You’ve wrote that one of the greatest risks of AI is manipulation. What did you mean? And how can we cope with this phenomenon?
Our lives are increasingly taking place online. And as a result, they’re increasingly being mediated by algorithms. Your conversations with your friends, your morning newspaper, the books you read, the movies you watch, all of this is now happening on devices and in apps. The algorithms that enable these processes behind the scenes have visibility into your entire information consumption, which enables them to build very accurate psychological models of who you are. But that’s only half of the problem. These algorithms are also in charge of managing your information diet. They select which updates from your friends you will read, which articles you will read, which videos you will watch, and so on. They have simultaneously clear visibility into your current mental state and your current opinions, and extensive access to levers to modify this mental state. And as a social animal, you are *extremely* influenceable. This is a setting in which an AI can start “optimizing” your information diet to push you in a specific direction. Which can take a political turn — this is not very different from old school propaganda, but at a larger scale and better optimized. Certain authoritarian states are probably already doing something like this, and it will only get worse as AI capabilities improve.
In itself, having your information diet being managed by algorithms isn’t the problem. If you are in control of the direction in which the algorithm is pushing you, this is actually empowering. Control applied to oneself is free will.
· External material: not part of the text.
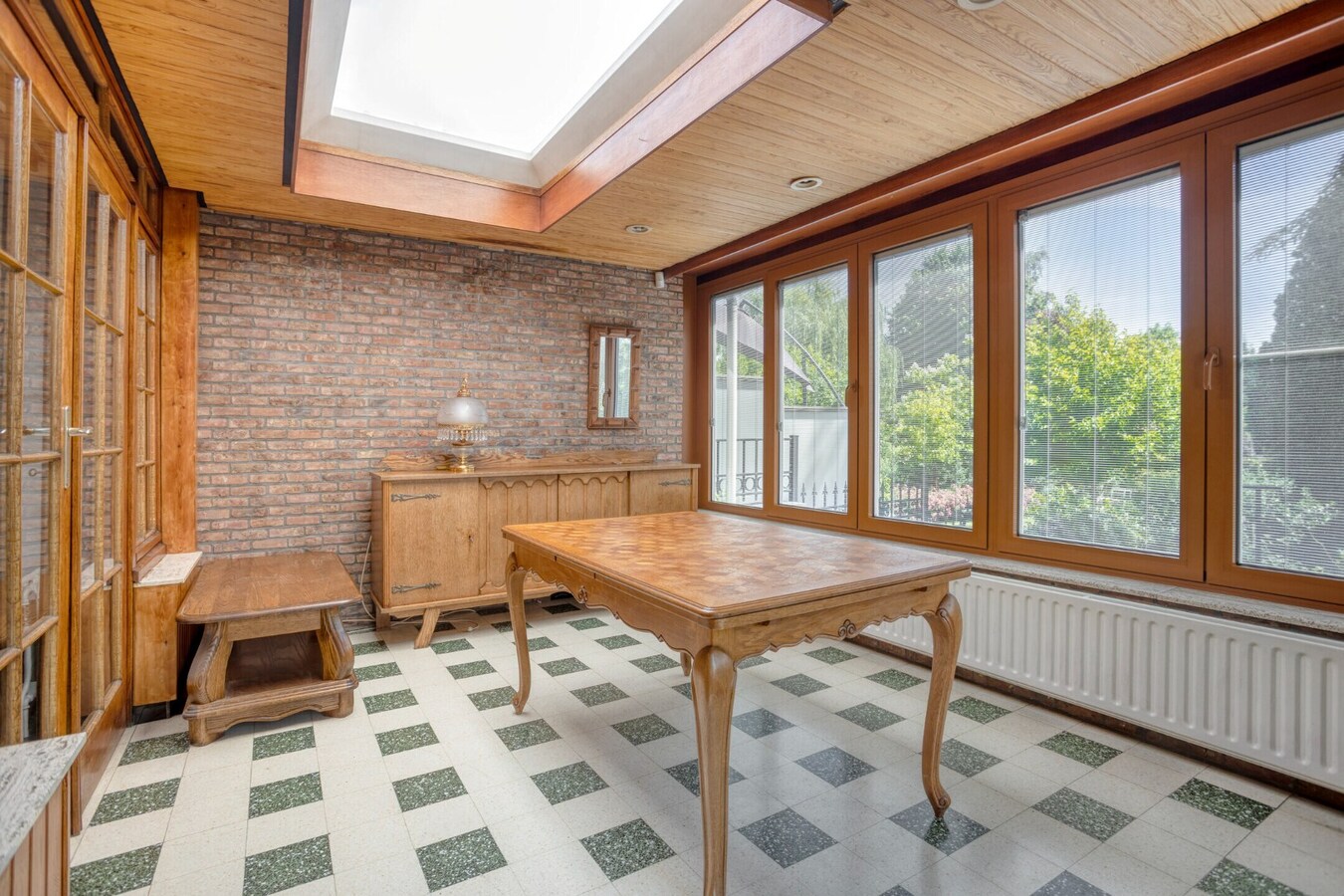 Karaktervolle halfopen villa met prachtige tuin op toplocatie in Tienen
Just like deliberately reading a book of your choice will influence you in a way that you agree to, or deliberately taking article recommendations from a friend you trust will influence you in a way that you agree to. If algorithms can help you learn the things you want to learn and help you become who you want to be, like a caring teacher or a trusted mentor, that’s great. In general, AI has tremendous potential to help us make sense of the information around us and help us have greater control over our own lives by helping us overcome our own weaknesses. I’ve been talking about this for a decade.
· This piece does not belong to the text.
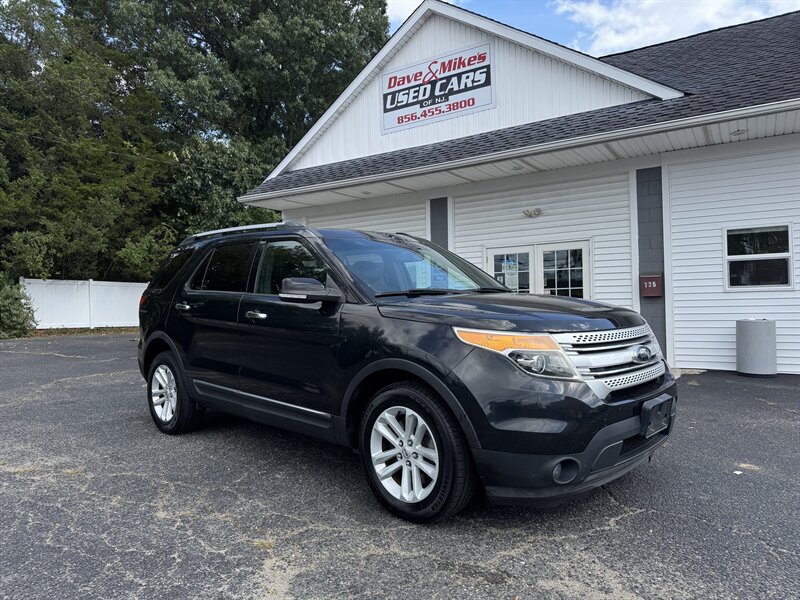 Used 2014 Ford Explorer XLT w/ Equipment Group 202A AWD/4WD image 2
The problem is when other people, including bad people, start injecting their own goals into these algorithms (for instance, getting a particular candidate elected to the US presidency). It may not even be something that is done by the creator of the algorithm: 3rd parties can sometimes hijack neutral recommendation algorithms to push political propaganda, as we saw to an extent with the Kremlin’s influence on US social media dynamics during the 2016 presidential election.
To address this, whenever we create information management AI algorithms, we should analyze whether they present the risk of being hijacked. We should preempt or patch any potential vulnerability we find. And as much as possible, we should give control to the end user over what the algorithm optimizes for. We should give users settings and knobs to adjust by themselves how they are affected by the algorithms in the products they use. We should build technology that puts people in control, not technology that controls people. The future of AI should be to become a personal mentor or a good librarian, not a nefarious propagandist.